Nefesimi tutarak izledim filmi. Gerilim filmi değildi, ama her sahnesi içimde bir gerilim yarattı. Hayranlıkla izledim, kızdım, sorguladım, kendimle yüzleştim. Bu bir başarı öyküsü değil yalnızca. Bu, başarı uğruna harcananların, görmezden gelinenlerin, hatta sevginin bile gölgede kaldığı bir öykü.
Film, öğretmen ve öğrencisi arasında yaşanan mücadeleyi anlatıyor. Zaman zaman öğretmenden nefret ettim. Öğretmen ne derse o olacaktır, o ne isterse o olacaktır. Disiplin ve cesaret çarpışmakta, hırs, egoizm birlikte yükselmektedir.
Öğretmen mi? Zorba mı? İlham mı? Kâbus mu?
Film, bir müzik okulunda geçiyor. Genç baterist Andrew Neiman, dünyaca ünlü bir caz bateristi olma hayaliyle yanıp tutuşuyor. Hayalini gerçekleştirmek için okulun efsanevi ama ürkütücü orkestra şefi Terrence Fletcher’ın gözüne girmesi gerekiyor. Ve Fletcher, onu “en iyisi” yapmak için her yolu mübah sayıyor.
Evet, doğru okudunuz; her yolu. Kimi zaman hakaret, kimi zaman aşağılama, kimi zaman manipülasyon… Fletcher’ın yöntemleri bir eğitimciyi değil, bir komutanı andırıyor. Ve izleyiciye şu soruyu sormadan geçmiyor:
“En iyiyi yetiştirmek için, insanı kırmak mı gerekir?”

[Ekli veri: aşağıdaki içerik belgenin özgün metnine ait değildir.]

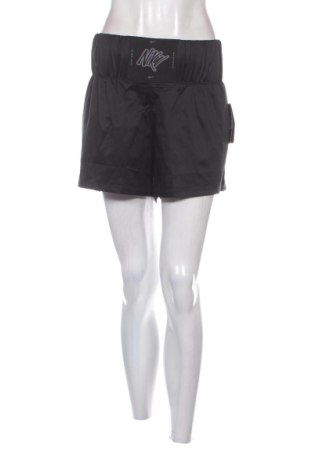 Damen Shorts Nike, Größe M, Farbe Schwarz, Preis 29,00 €, #137736416
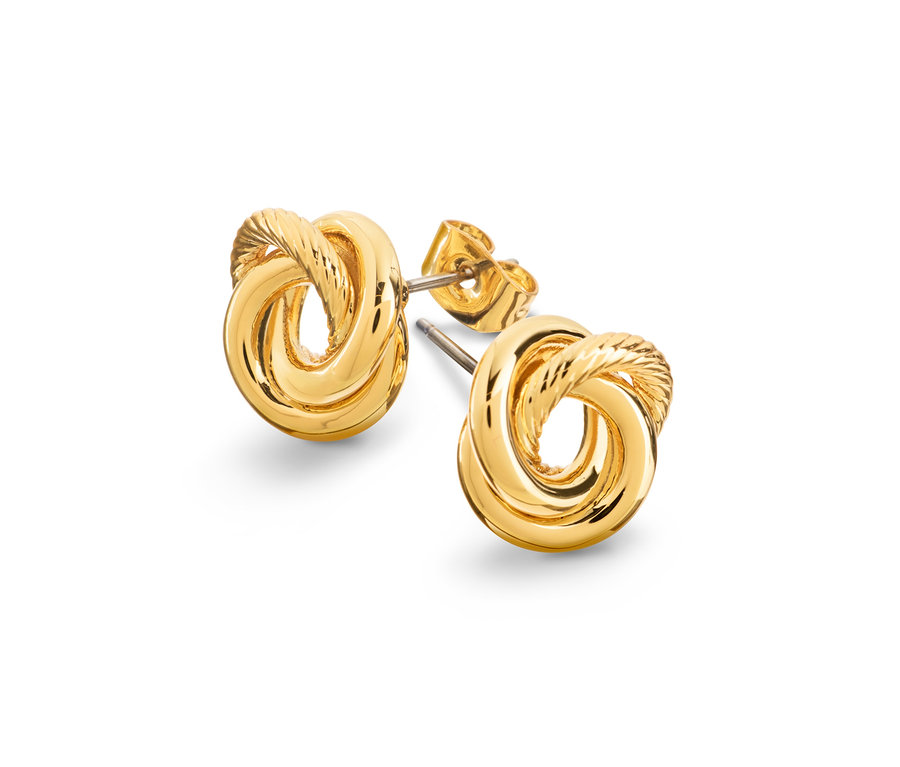 Detail dvoch zlatých náušníc v tvare uzla na bielom pozadí.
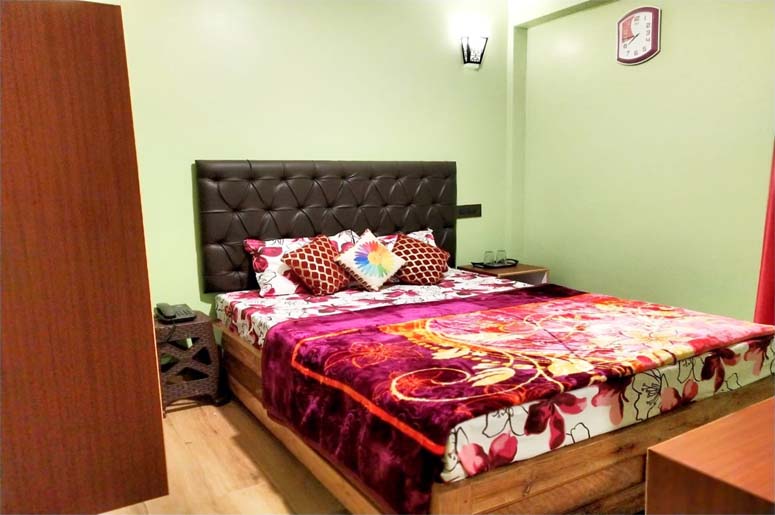 SYLVAINE RETREAT,           DARJEELING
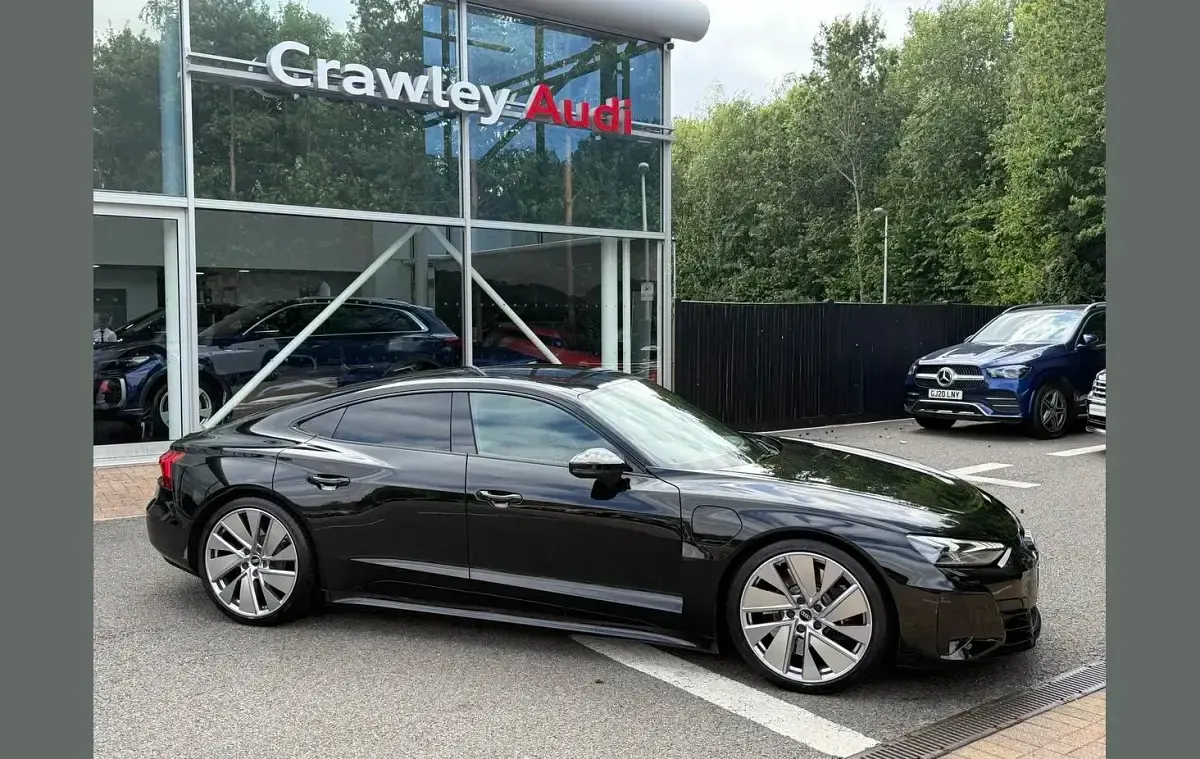 Used Audi RS e-tron GT Comfort 475 kW (646 HP) 2023 Black Sedan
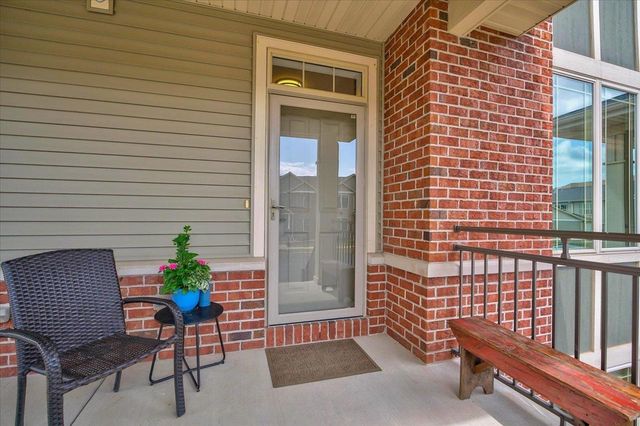 1422 SMITHFIELD Drive, Sun Prairie, WI 53590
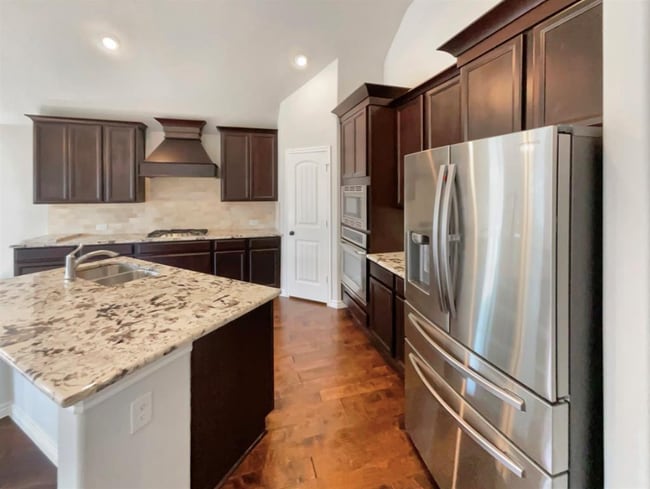 Building Photo - 1305 Freesia Dr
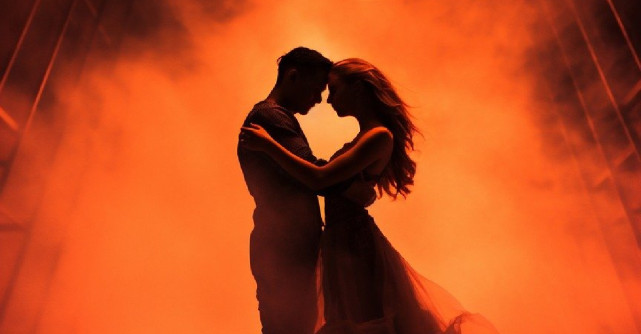 Nu-ți mai ascunde iubirea față de persoana cu care vrei să rămâi toată viața ta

Bu soruya net bir cevap yok. Zaten film de bir cevap değil, kocaman bir çığlık gibi. Duy ve düşün diyor. Öğretmenin de öğrencinin de insan olduğunu ve başarının bedelini her iki tarafın da ödediğini hatırlatıyor.
Disiplin mi? Zulüm mü? Yoksa Aynı Anda İkisi Birden mi?
Whiplash’in en çarpıcı yanı, eğitimin sınırlarını tartışmaya açması. Fletcher, mükemmeliyetin ancak konfor alanını yakıp yıkarak ulaşılabileceğine inanıyor.
Mükemmeliyetçi öğretmen öğrencisini zorlarken, aslında kendine ne yapıyor?
Bu sorunun cevabını bulmaya çalıştım. En iyi olmak için sınırları zorlamak mı gerekir yoksa sınırları aşmak mı? Başarı hikâyelerinde, yılmamak, hatasız ilerlemek ve zirveye ulaşmak için vazgeçmeden çalışmak şarttır derler. İşte film bu konuları tekrar sorgulatıyor.
Oysa ben başka bir şeye inanıyorum: Sevginin, ilginin, güvenin dönüştürücü gücüne.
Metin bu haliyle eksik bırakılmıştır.